From bits to bytes: Scaling sustainable development
2 May 2016 13:15h
Event report
[Read more session reports and live updates from the WSIS Forum 2016]
The Global e-Sustainability Initiative (GeSI), aims to provide ICT solutions for twenty-first-century challenges through collaborative and innovative approaches to sustainability. The session covered not only the opportunities linked to ICT for the sustainable development goals (SDGs), but also the measures needed to overcome the current barriers to uptake. Such barriers include the regulatory framework related to digital policies and technology specifics like investment in infrastructure, the digital divide, and effective stakeholder engagement on different levels (policymakers, end-users, and businesses).

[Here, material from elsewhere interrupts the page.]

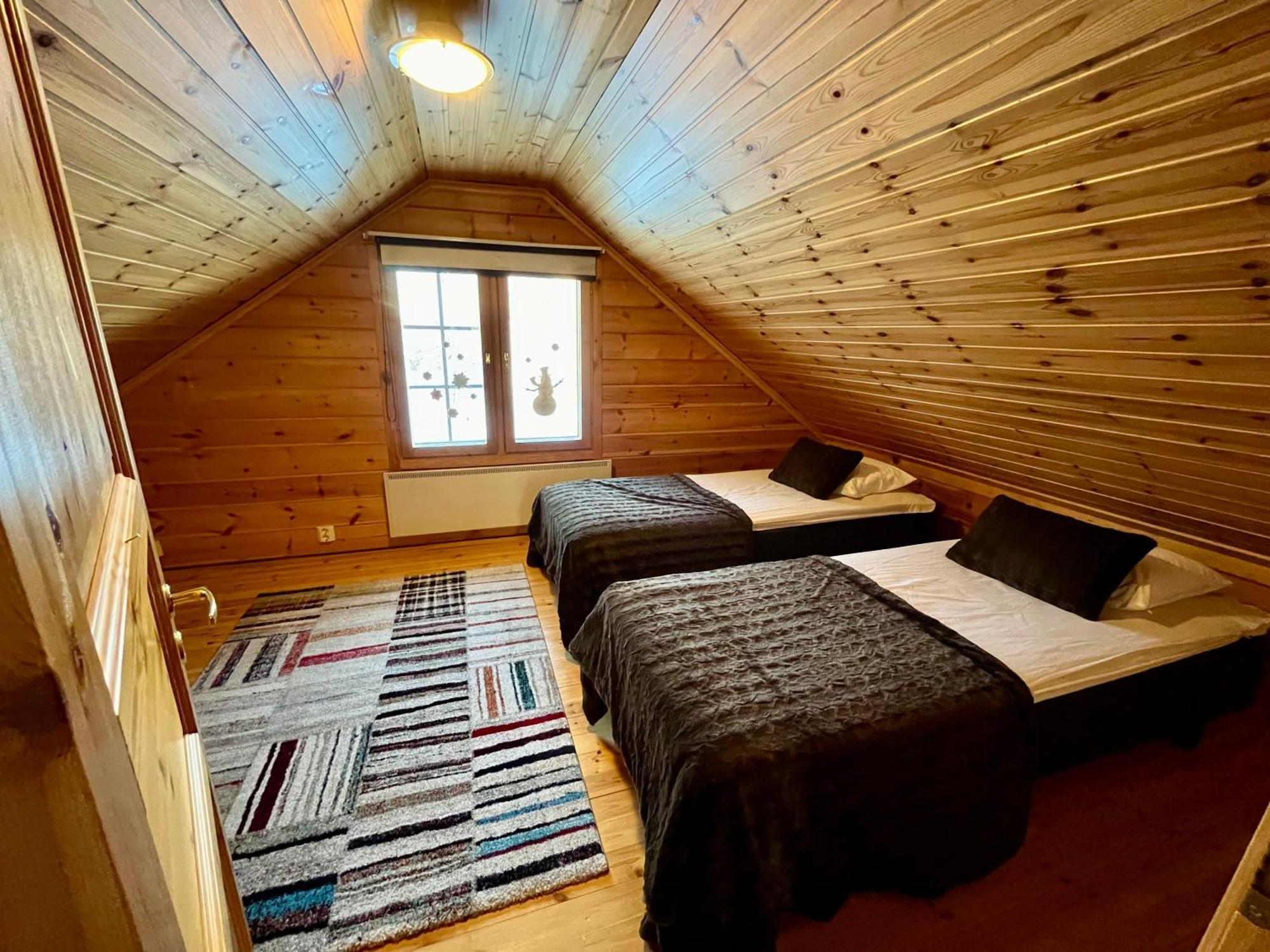 Log Cottages In 10 Min From Santa Claus Village-Sauna&Freeparking โรวานิเอมิ ภายนอก รูปภาพ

Ms Abigayle Mapanao (ITU), the session moderator, briefly introduced GeSI and invited panellists to describe the current situation focusing on selected SDGs: education (SDG4), health (SDG3), work and growth (SDG8), industrialization and innovation (SDG9), sustainable cities (SDG11), and climate action (SDG13).
Mr Philipp Buddemeier (Senior Strategy Manager at Accenture) talked about a GeSI report which shows that ICT has the potential to enable a 20% reduction in global CO2 emissions by 2030. He said that GeSI wants to make the SDGs a reality. He mentioned that every country has achievement gaps in over 50% of the SDGs, and that digital solutions can contribute to achieving each of the 17 SDGs and cover 50% of the 169 GeSI targets. He offered expanding broadband as an example where ICT can influence and drive transformational change. He then noted that one of the GeSI targets is to halve the number of road deaths in Africa. He concluded that GeSI has analysed how digital solutions contribute to each SDG and can help world’s population in 2030 of 8.5 billion people to live dignified lives.
Mr Malcolm Johnson (Director of the ITU Telecommunication Standardization Bureau) gave a brief summary of how GeSI aims to extend the human development horizon to 2030 and looked at ICT-enabled sustainability from a holistic point of view. He noted that GeSI had made SDGs agenda its central framework for action up to 2030, and that information on GeSI priorities will be shared until 2030 based on SDG achievements.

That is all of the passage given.